=== Problem to work on ===
Pictures are to be left out; otherwise, copy exactly the lines from the line containing "Toggle Cardigan Sweater" through the end of the data.

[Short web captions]
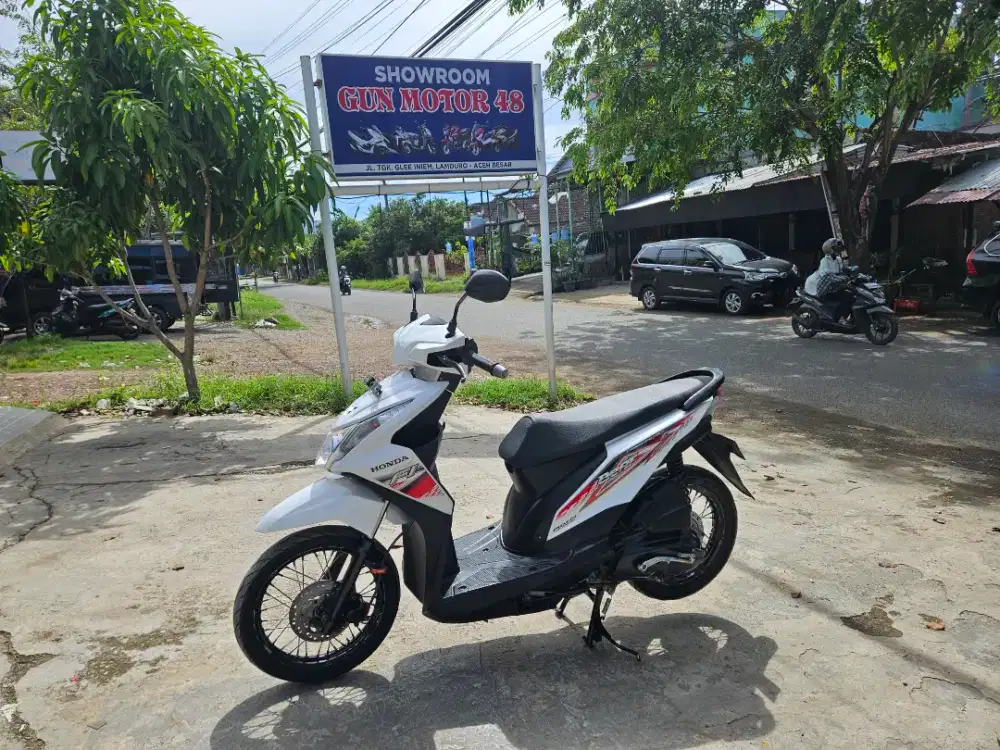 D jual honda beat tahun 2014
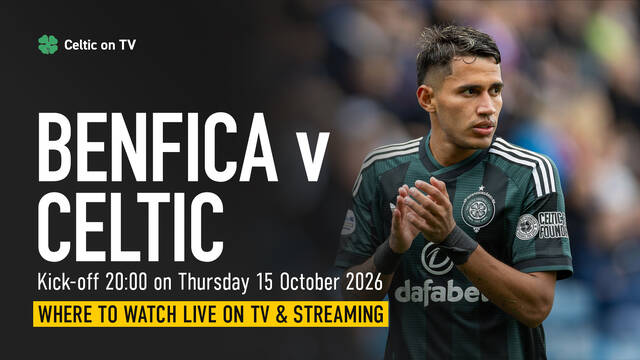 Where to watch Celtic v Benfica on TV – channel, kick-off time and preview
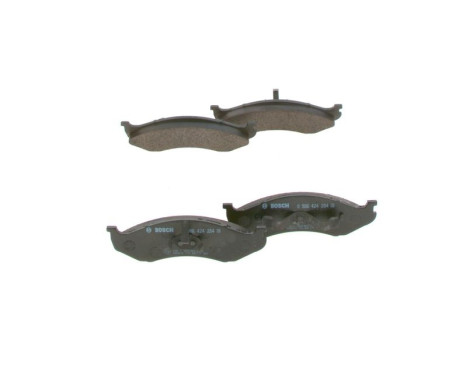 Brake Pad Set, disc brake BP139 Bosch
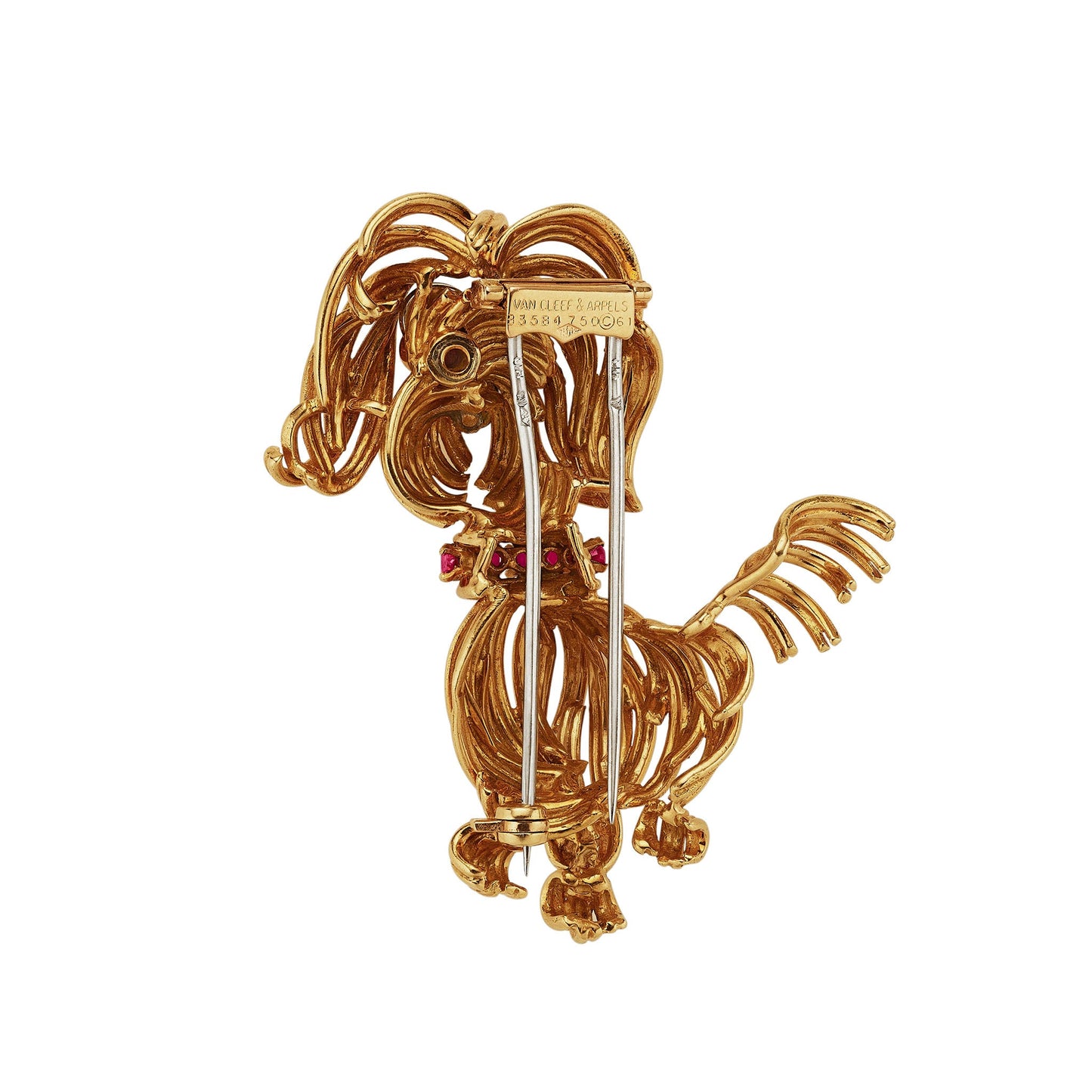 Van Cleef & Arpels Paris Yorkie Brooch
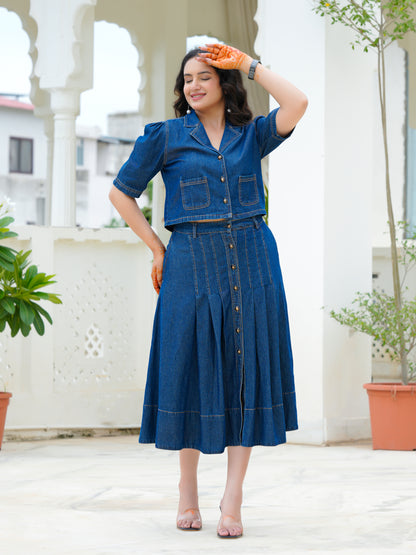 Denim Co-Ord Set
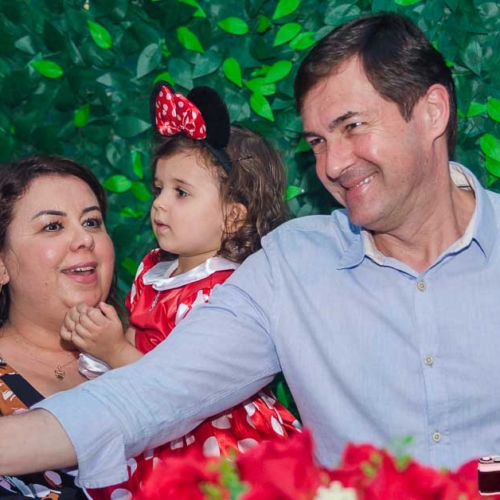 Aniversario Infantil Clara 3 anos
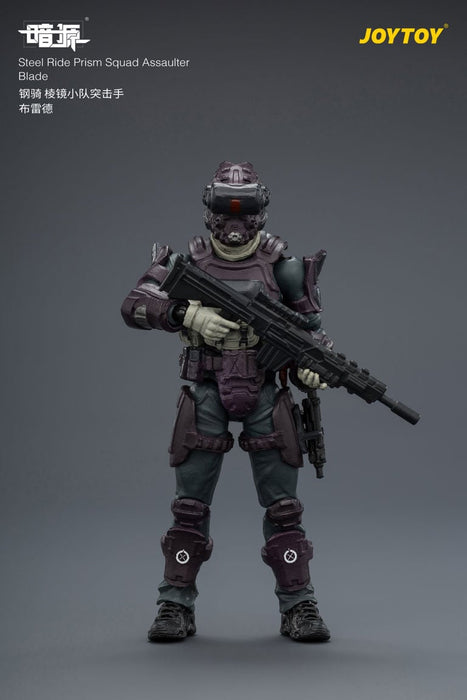 Dark Source Steel Ride Prism Squad 1/25 Scale Action Figure Set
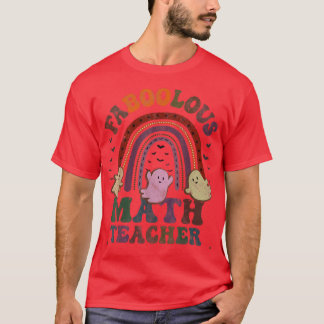  FaBOOlous WISKUNDE-TEACHER Costume Dit is mijn T-shirt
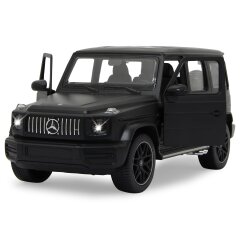 Mercedes-AMG G63 1:14 negro 2,4GHz Puerta manual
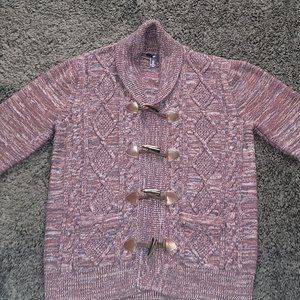 Toggle Cardigan Sweater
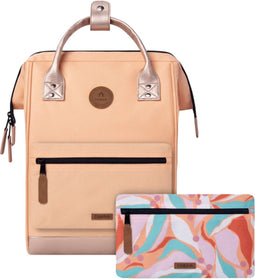 Cabaia laptoprugzak / Rugtas / Schooltas - 13 inch - Adventurer Medium - Oranje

=== Expected output ===
 Toggle Cardigan Sweater
 Cabaia laptoprugzak / Rugtas / Schooltas - 13 inch - Adventurer Medium - Oranje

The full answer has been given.